The sport of Weightlifting in the United States is steadily growing has more and more athletes that are exposed to bumper plates and barbells in their high school athletic programs. While the opportunity to hit snatches and cleans is expanding for the youth athlete, I am still worried about the quality of movement being taught. When these movements finally click for an athlete, it’s a beautiful sight, but the path to get there is often a long road.

When working with the high school population who are learning the weightlifting movements, we need to look beyond the lift itself. Yes, these lifts are great tools for measuring an athlete’s ability to dynamically display their strength, but there is so much more!

We’re going to continue our focus on the Power Clean. The set up and execution of the lift get most of the attention in the Weightlifting community, but when developing athletes for high school sports, the landing, or receiving position, should garner most of your attention. As you’ll read below, we ask all of our athletes to receive their Power Clean in the Universal Athletic Position. This is not to limit the weight they can clean, but rather to increase the amount of force they can ABSORB in this position.  This trains the athlete to absorb an impact force as they fight to maintain good posture and position, making them more durable and better prepared to safely take or give a massive hit on the field of play.

Power Clean from the Power Position

We use this exercise to reinforce vertical extension while coordinating the explosion with the change of direction and receiving the bar in a proper Universal Athletic Position.

Points of Performance:

  • Unlock the knees and hips, and slightly hinge to get your shoulders on top of the bar.  The bar should be “hanging” at or around the upper third of the thigh depending on the arm length of the athlete.
  • Pressure of the foot should be towards the mid-foot.
  • The bar and upper thighs meet to make contact as you extend vertically, or “jump.”
  • Shrug and pull the bar up with high elbows and vertical (as much as feasible) forearms.
  • Whip the elbows around the bar as fast as possible.
  • Land and meet the bar at the shoulders in a Universal Athletic Position.

Things we look for:

  • Sequence is hips → ankles (sometimes we say “toes”) → shoulders→ arms.
  • Shoulders remain over the bar as long as possible.
  • Bar remains close to the body (close enough to graze a loose shirt).
  • Trunk finishes vertical, not overarching and leaning backward.
  • Start and land in the same plane

Commonly, we’ll see: 1) lifter’s shoulders get behind the bar too soon, 2) pulling with the arms before contact has been made and the legs have finished extending, the bar swinging away from the body after contact with the upper thigh, or 3) the athlete arching their body backward but not up.  This can result in the athlete jumping either forward or backward.  We try to fix these with simple reminders: e.g. “keep your shoulders over the bar longer,” “keep the bar close(r),” or “finish straight up, not back.”  We also commonly see athletes pull their elbows backwards (along with a horizontal forearm).  We remind athletes to keep their elbows high and use “fast elbows” in the turn over.

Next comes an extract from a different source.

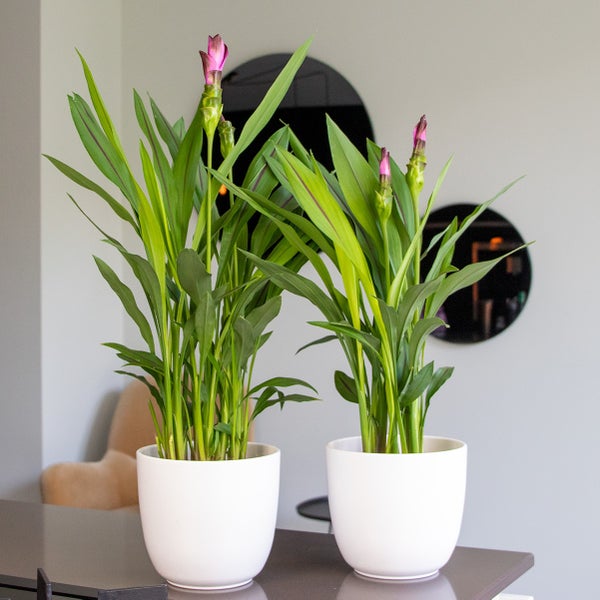 Kurkuma Siam | Tulpenpflanze pro 2 Stück - Außen- und Innenpflanze im Aufzuchttopf cm14 cm - ↕50 cm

Power Clean from Above the Knee

We use this exercise to reinforce vertical extension while coordinating the explosion with the change of direction and receiving the bar in a proper Universal Athletic Position and build upon what we have already learned.

Points of Performance:

  • Unlock the knees and hips, and hinge yourself into a Universal Athletic Position.  The bar should be “hanging” just above the kneecap with nearly vertical shins and your chest up.  In this position, you should feel tension and a slight stretch in the hamstrings.
  • While keeping the whole foot in contact with the ground, the pressure of the foot should move towards the back of the foot, but not on the heels.
  • As the athlete begins to use their legs to move, the bar and upper thighs meet to make contact as you extend vertically, or “jump.”
  • Shrug and pull the bar up with high elbows and vertical (as much as feasible) forearms.
  • Whip the elbows around the bar as fast as possible.
  • Land and meet the bar at the shoulders in a Universal Athletic Position.

Things we look for:

  • Sequence is hips → ankles (sometimes we say “toes”) → shoulders→ arms.
  • Shoulders remain over the bar as long as possible.
  • Bar remains close to the body (close enough to graze a loose shirt).
  • Trunk finishes vertical, not overarching and leaning backward.
  • Start and land in the same plane.

We are going to see similar common problems as already discussed previously.

Power Clean

Now that we’ve gotten all the pieces, it’s time to put all “the chunks” together! The points of performance, things you’re looking for as a coach, and common problems will be similar to what we’ve already discussed throughout this series. Never forgo the progressions! These are great tools to include in your warm up to help cue your athletes into the proper posture, position and patterns you're looking for before the weight grabs all of their attention.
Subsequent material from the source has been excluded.